### Requirement
Transcribe every entry word for word, leaving out all images.

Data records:
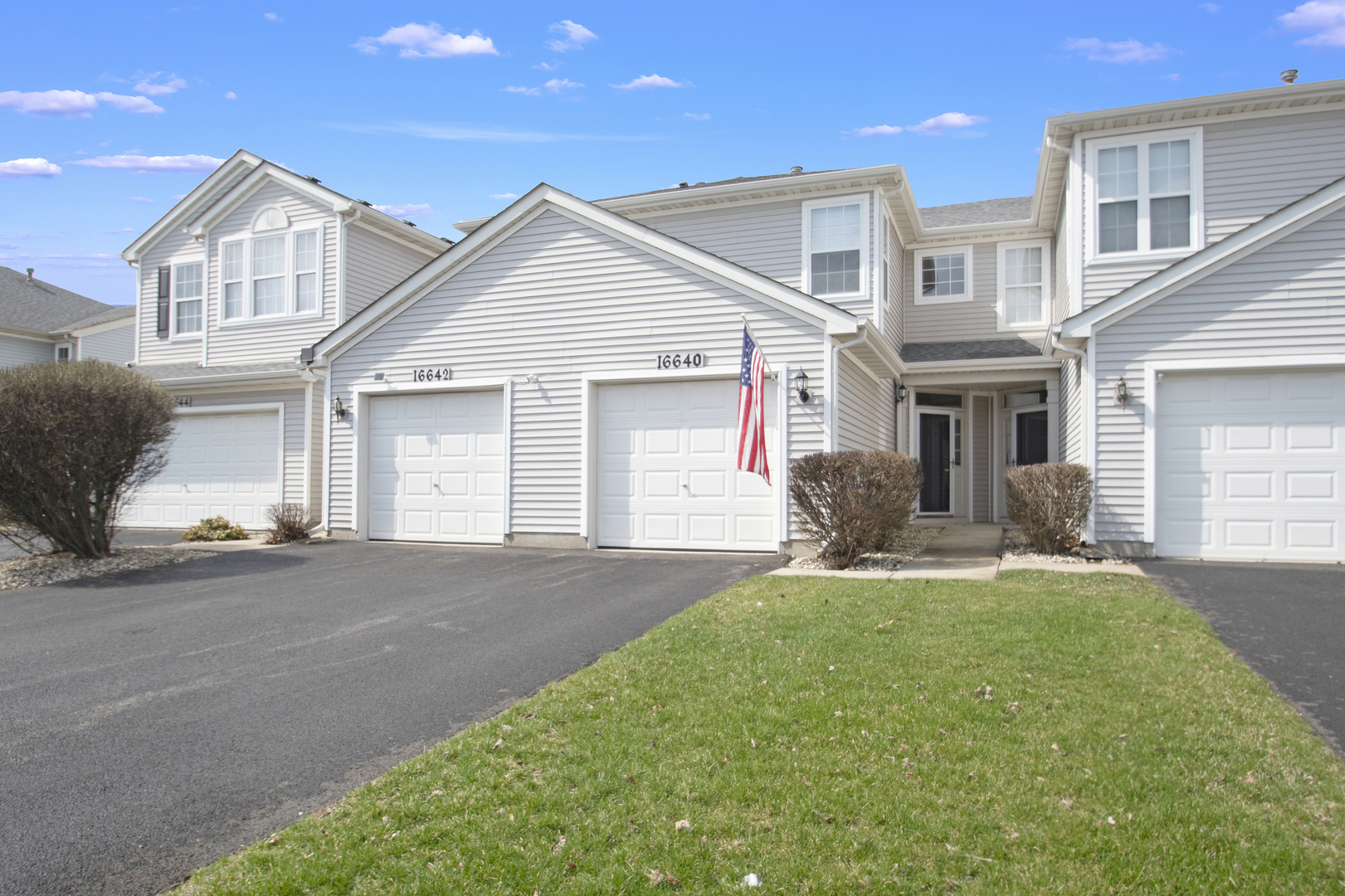 16640 S Windsor Lane, Lockport, IL 60441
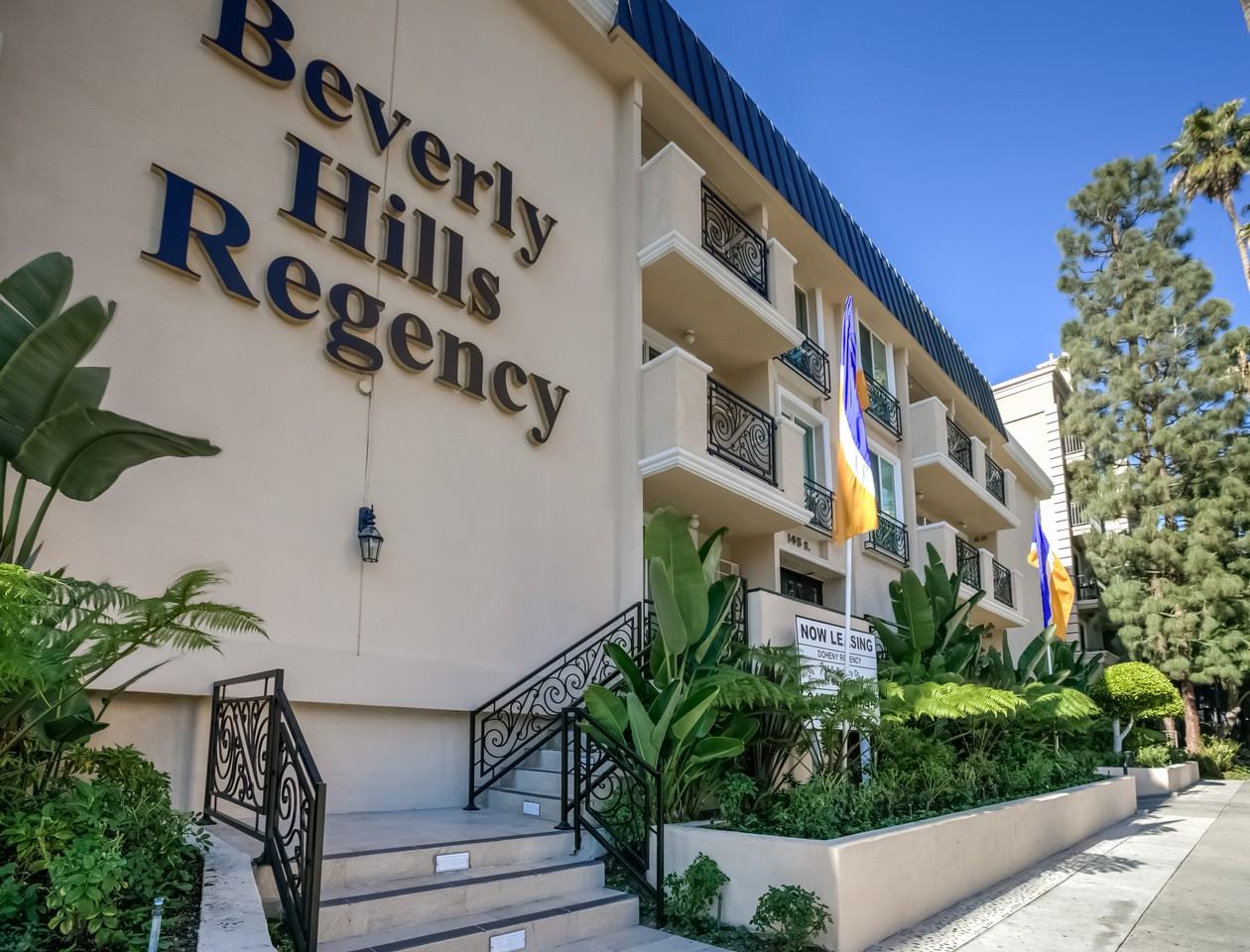 Doheny Regency Apartments 145 South Doheny Drive 102, Beverly Hills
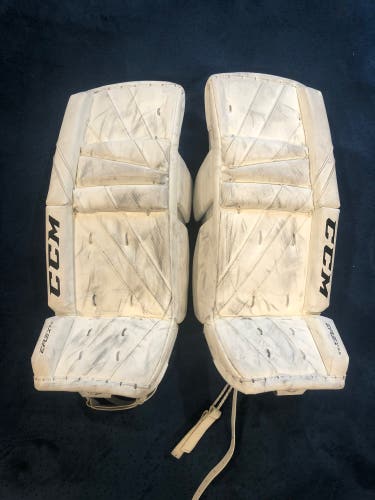 24" CCM EFLEX 5.5 Goalie Leg Pads Jr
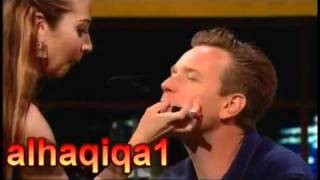 (HD) Ewan McGregor kisses Jonathan Ross on the Jonathan Ross Show - ITV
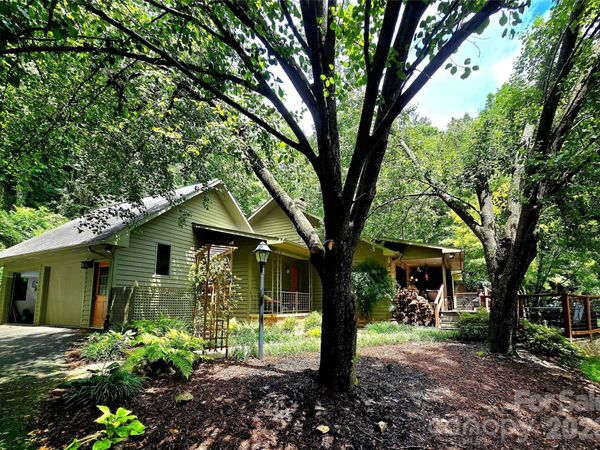 18 Rollingwood Road, Asheville, NC 28805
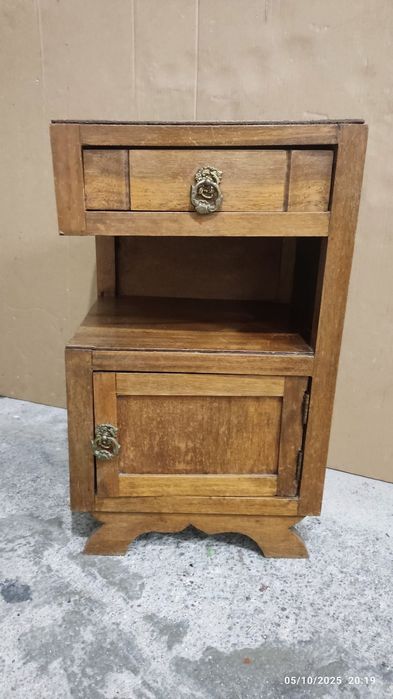 Vendo mesa de cabeceira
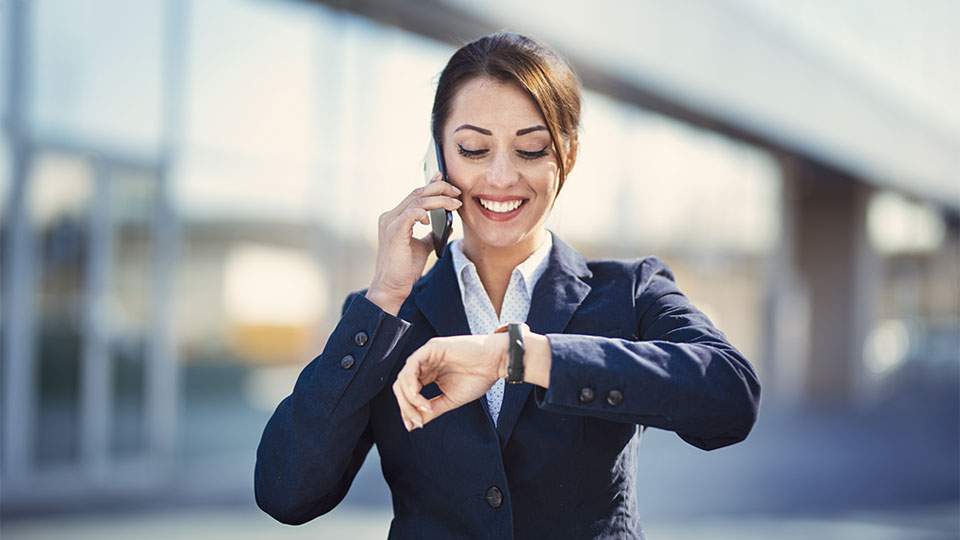 Business Frau blickt auf ihre Uhr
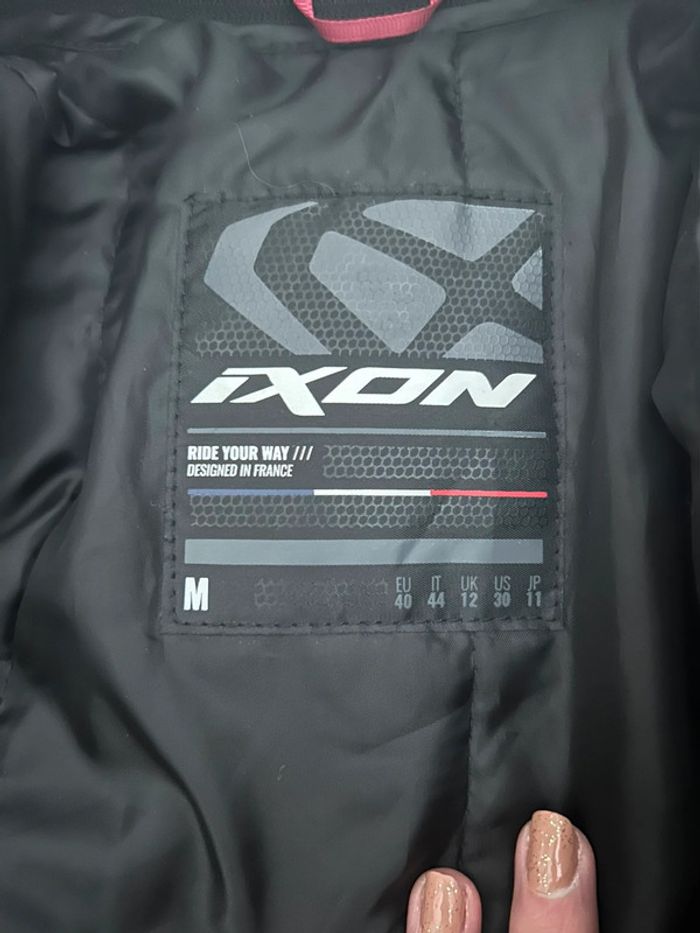 Blouson de moto ixon femme noir et rose taille M comme neuf - photo numéro 3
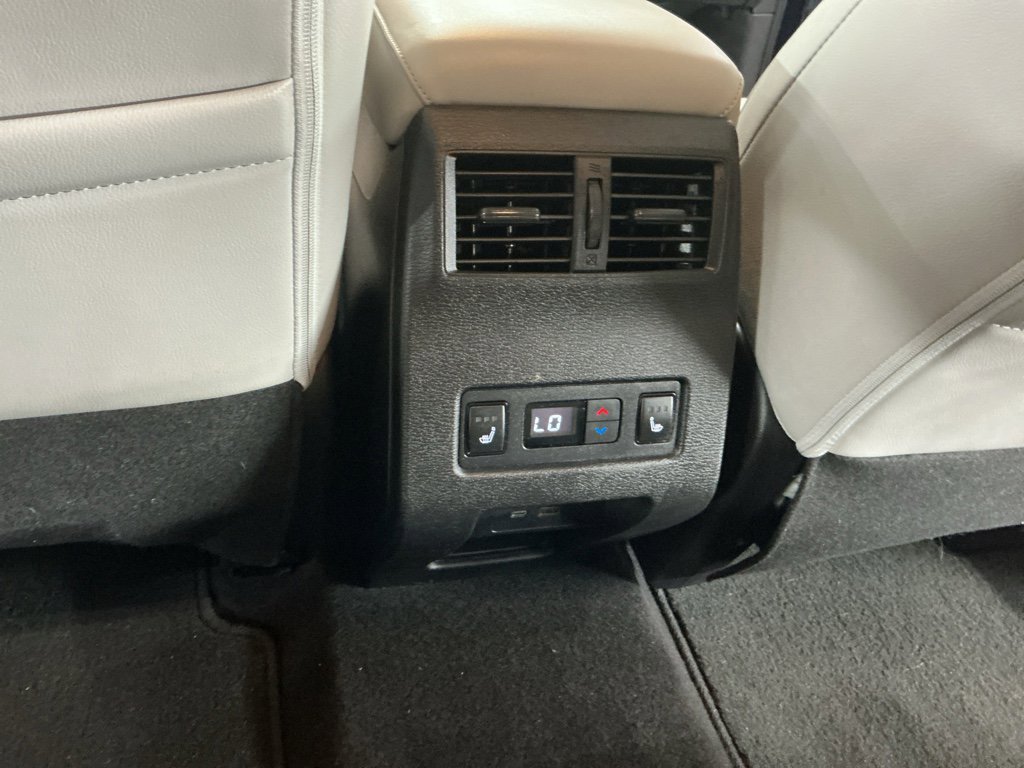 Used 2024 Mitsubishi Outlander SEL image 12
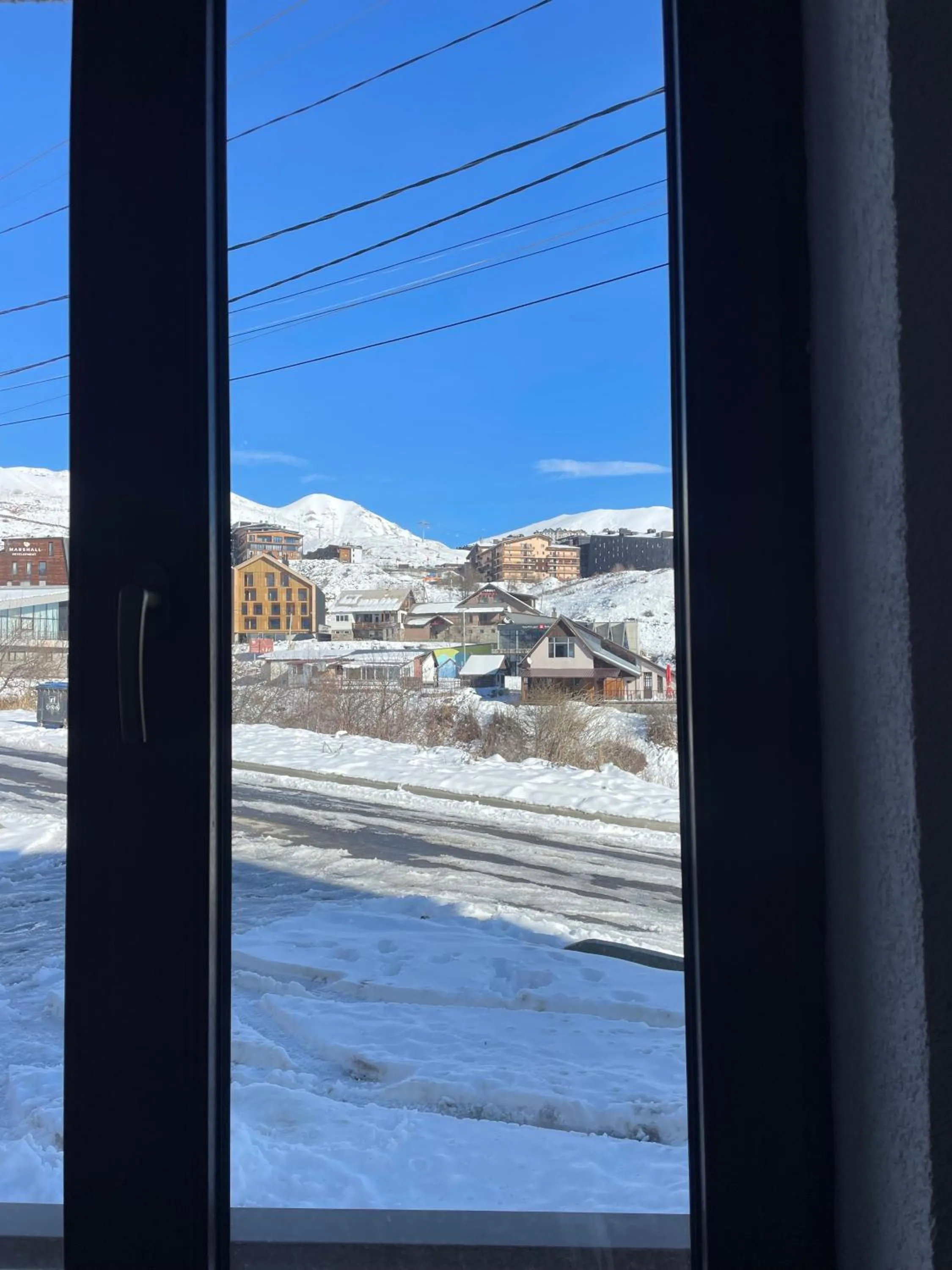 Ereto Hotel by SnowTime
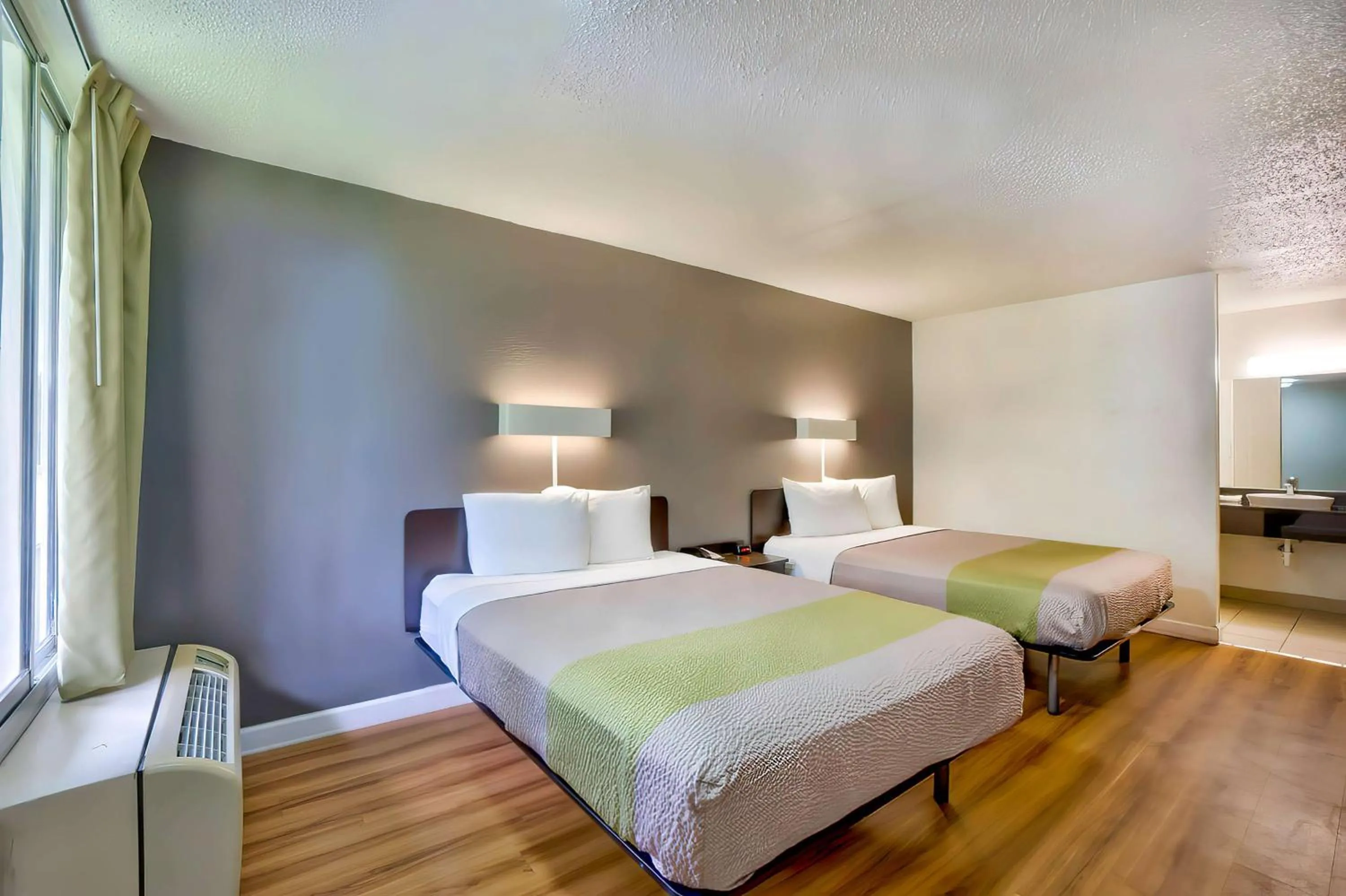 Bedroom, Bed in Motel 6-Gainesville, FL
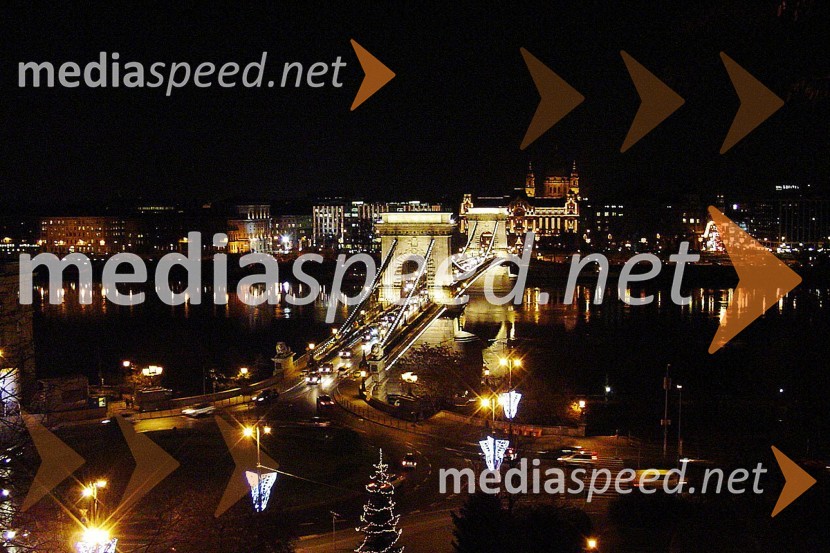 Széchenyjev verižni most (Szécheny lánchíd)Budimpešta - Budapest, Madžarska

### Answer to the problem
 16640 S Windsor Lane, Lockport, IL 60441
 Doheny Regency Apartments 145 South Doheny Drive 102, Beverly Hills
 24" CCM EFLEX 5.5 Goalie Leg Pads Jr
 (HD) Ewan McGregor kisses Jonathan Ross on the Jonathan Ross Show - ITV
 18 Rollingwood Road, Asheville, NC 28805
 Vendo mesa de cabeceira
 Business Frau blickt auf ihre Uhr
 Blouson de moto ixon femme noir et rose taille M comme neuf - photo numéro 3
 Used 2024 Mitsubishi Outlander SEL image 12
 Ereto Hotel by SnowTime
 Bedroom, Bed in Motel 6-Gainesville, FL
 Széchenyjev verižni most (Szécheny lánchíd)Budimpešta - Budapest, Madžarska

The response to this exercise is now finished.